Records from a data collection:

********************

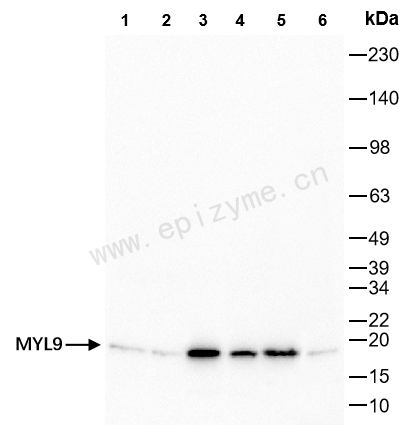Anti-MYL9 Rabbit mAb [17H38S76]
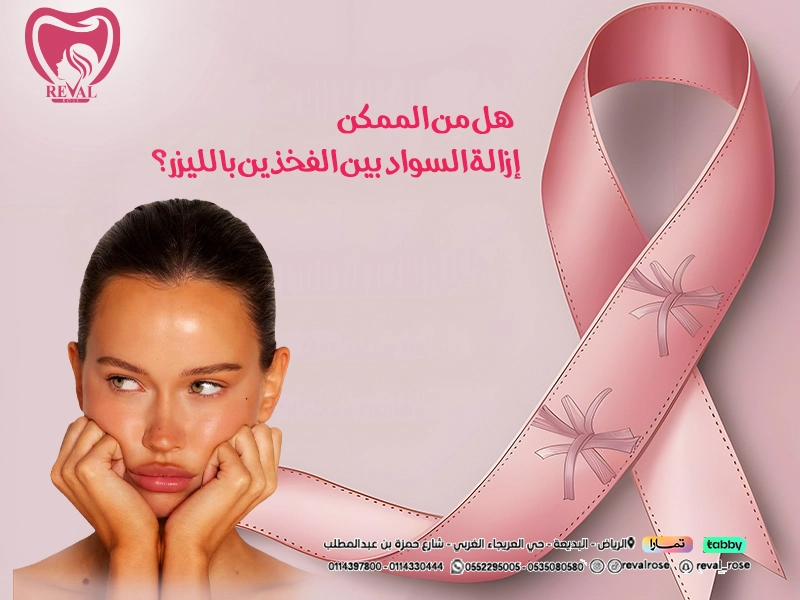 هل من الممكن إزالة السواد بين الفخذين بالليزر؟ اسرار جلسات التفتيح بالرياض تعرف عليها أولًا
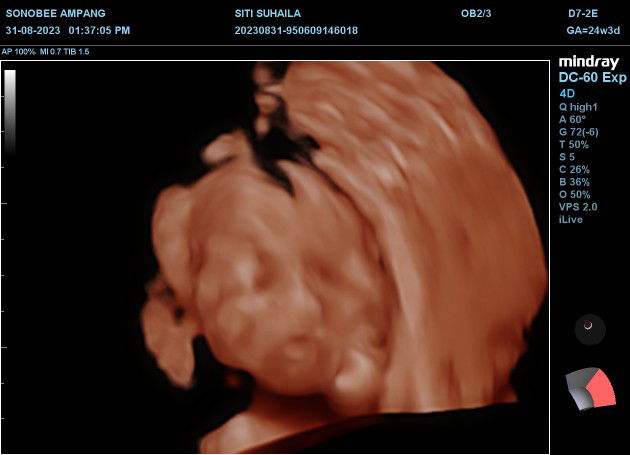 Ummi Aisyah profile icon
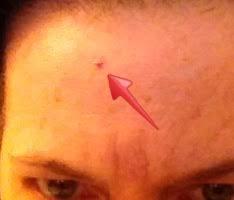 An angioma is a cluster of blood vessels at the surface of the skin and removal is super easy and can be done at home. We Get Old Deal With It You Re My Favorite Today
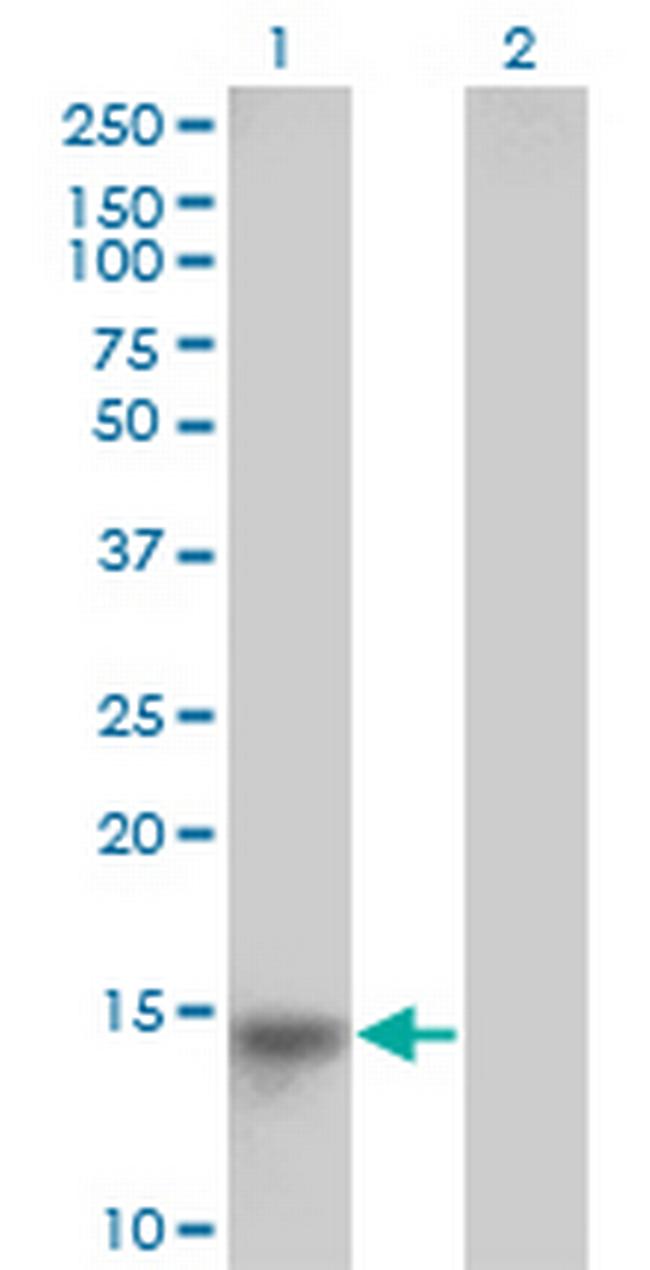 LRRC5 Antibody in Western Blot (WB)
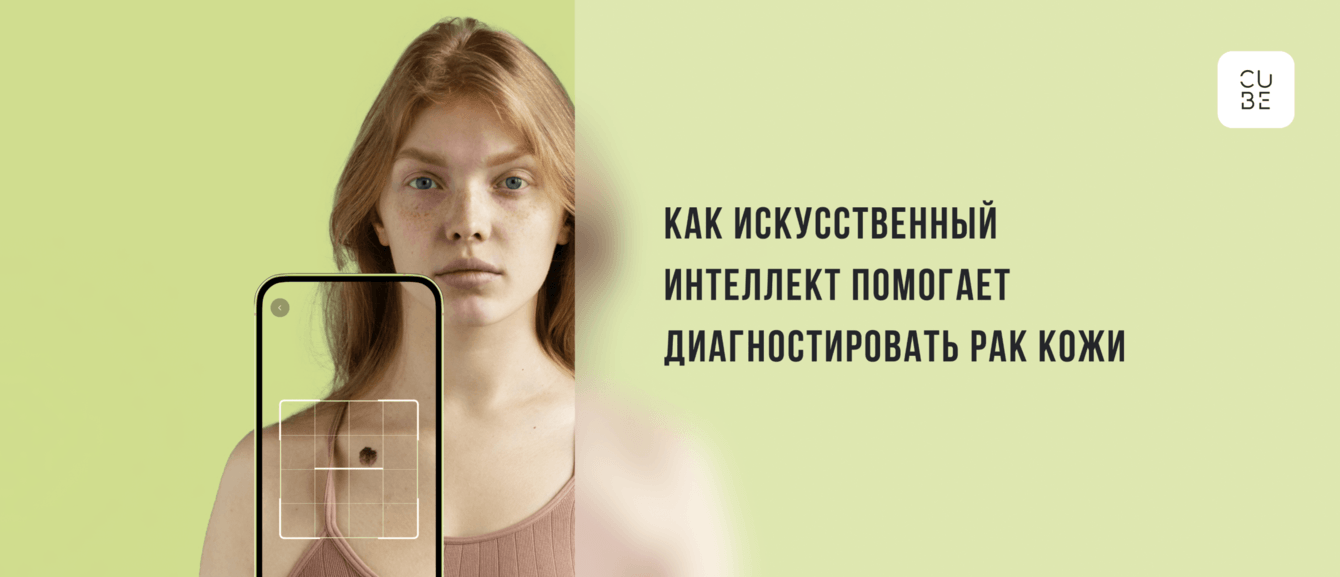 Приложение для диагностики рака кожи Cube
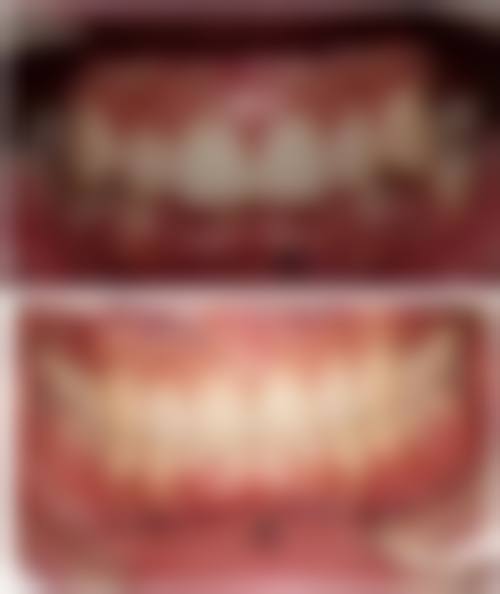 哈尔滨医 科 大学附属第二医院刘鸣医生的收费价格表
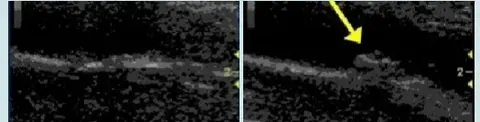 Carotid Artery Ultrasound
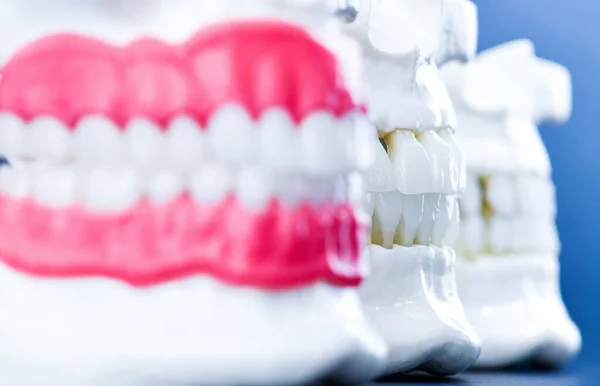 Anatomische Modelle menschlicher Kiefer mit Zähnen und Zahnfleisch — Stockfoto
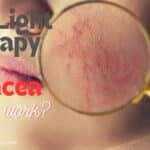 red light therapy for rosacea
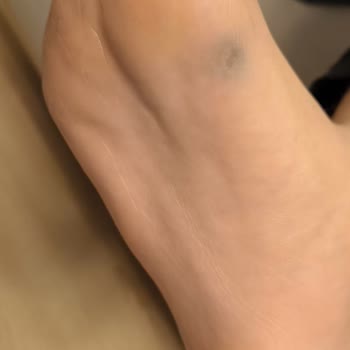Renk Sızdıran Ayakkabıda Kullanıcı Hatası İddiası Ve Sorumsuz Müşteri Hizmetleri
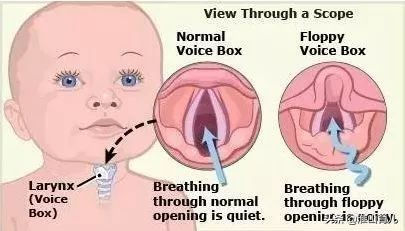 新生儿嗓子里呼噜呼噜像是有痰怎么办？可能是因为下面几种情况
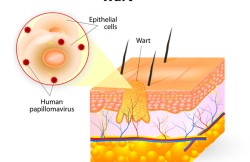 Wart Removal by Laser Therapy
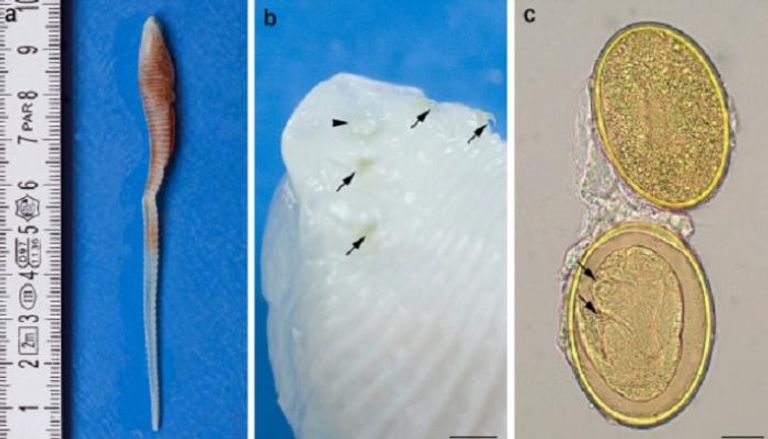 "دودة اللسان" الطفيلية يصل طولها إلى 5 بوصات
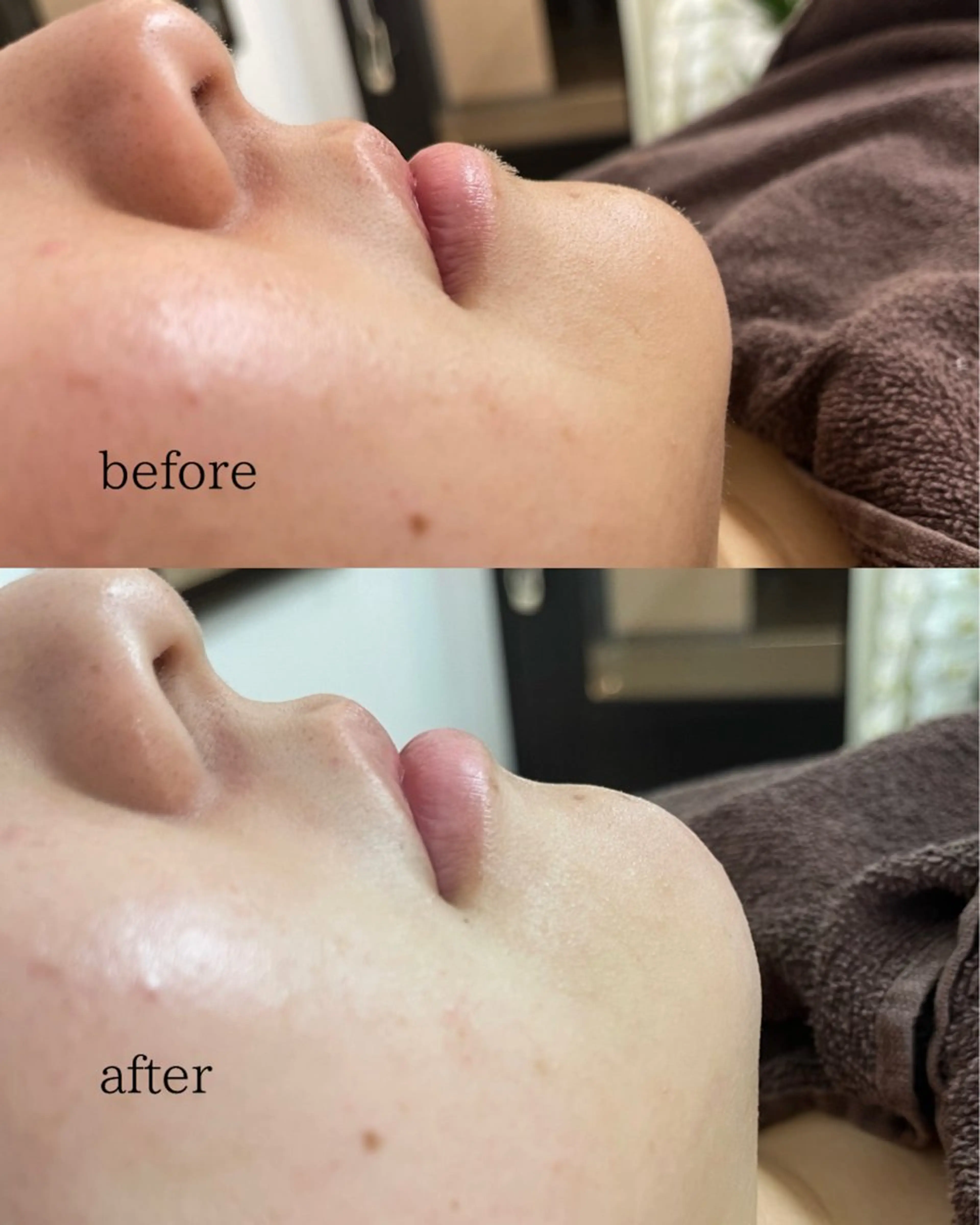 【ミニモ限定】クレンジングマッサージ+お顔剃り＋ヘッドスパ10分＋プラセンタパック付き♪の写真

********************

* [What is needed]: The answer must be an exact transcription of the lines from the one holding "إلى 5 بوصات" to the last line of the entries above, with no pictures and nothing else.

* [Response for this exercise]:
 "دودة اللسان" الطفيلية يصل طولها إلى 5 بوصات
 【ミニモ限定】クレンジングマッサージ+お顔剃り＋ヘッドスパ10分＋プラセンタパック付き♪の写真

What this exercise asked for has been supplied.